### Instructions for the task
If a picture appears in the records, skip it; copy everything else exactly.

### Records for the exercise
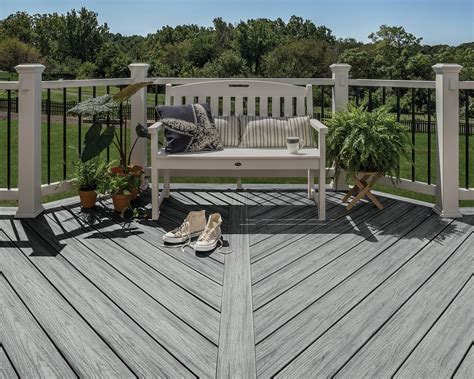Shop Trex Composite Decking & Railing at Home Depot | Trex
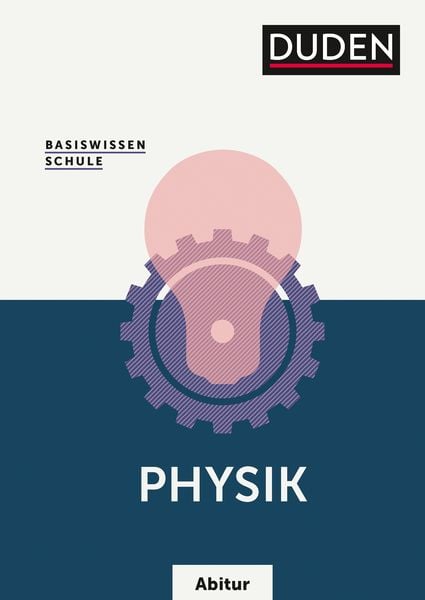 Produktbild: Basiswissen Schule &ndash; Physik Abitur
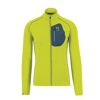Pomedes Tech Full Zip Fleece - Överdragströjor - Herr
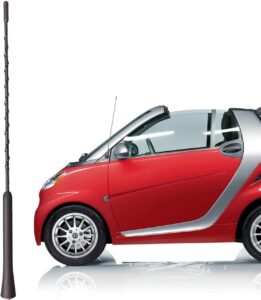 Flexible Antenna for Smart ForTwo 2008-2015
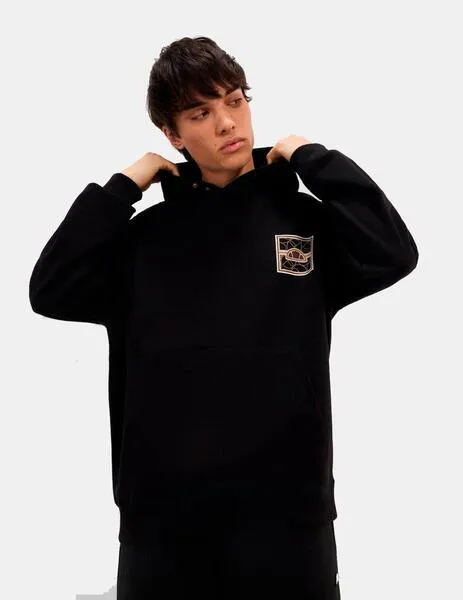 Sudadera Capucha ELLESSE BARELI - Black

### Reply to the exercise
Shop Trex Composite Decking & Railing at Home Depot | Trex
 Produktbild: Basiswissen Schule &ndash; Physik Abitur
Pomedes Tech Full Zip Fleece - Överdragströjor - Herr
 Flexible Antenna for Smart ForTwo 2008-2015
 Sudadera Capucha ELLESSE BARELI - Black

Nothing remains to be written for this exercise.